DSh 2016 02 26 Cognitive Approaches to Modern and Contemporary Prose and Poetry
Masterclass with Peter Stockwell (University of Nottingham). Cognitive Approaches to Modern and Contemporary Prose and Poetry
The Masterclass will allow Belgian PhD-students working with methods from cognitive literary science to receive feedback on their projects from a renowned international expert in cognitive poetics, Peter Stockwell.

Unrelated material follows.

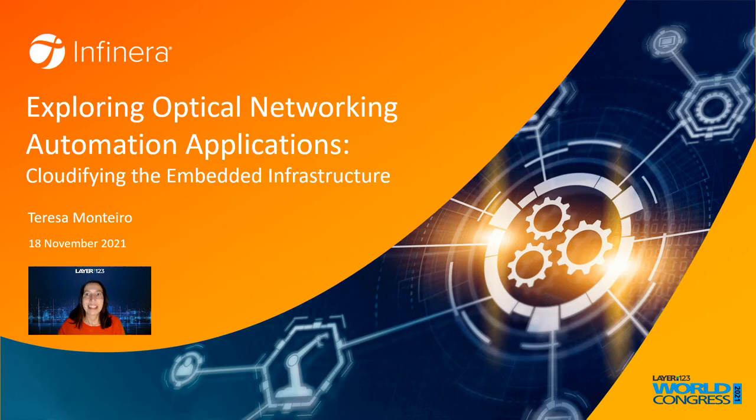Hello, thank you for having me at Layer 1, 2, 3. My name is Treza Monteiro. I am a Solutions Marketing Director at Infineero, where I focus on network software and automation. Today, I will be presenting some innovative concepts for network automation applications, including the extension of cloud-native technologies down to the embedded network infrastructure.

An audience of researchers will be able to discuss the findings of the expert, and is offered a keynote lecture.
For registration please contact
Contact person (one person) Elke Depreter
Email of contact person
Masterclass (26 February 2016)
· Activity type Master Class / PhD_Research_review
· Doctoral School DSh
· Research group CLIC
· Name(s) of the VUB organizer(s) Elke Depreter
· Academic field(s) in which the activity is situated Literary Studies.
Relevance for the VUB PhD community
Two PhD students from the VUB will present their work in progress, along with a PhD-student from the Ugent (+VUB), and one from the UA. They will benefit from the dialogue with PhD-students from the VUB and from other universities and with the expert, and from the feedback on their projects they will receive.
Detailed format of the activity
9.00 Welcome
9.35 Introduction
9.45 Olivier Couder (UGent – VUB)
Absurdist Humour in Absurd Literature from a Cognitive Perspective
10.45 Break
11.00 Thomas Thoelen (VUB)
Dance first, think afterwards…think again: Samuel Beckett and the Cognitive Loop
12.00 Lunch
13.00 Olga Beloborodova (UA)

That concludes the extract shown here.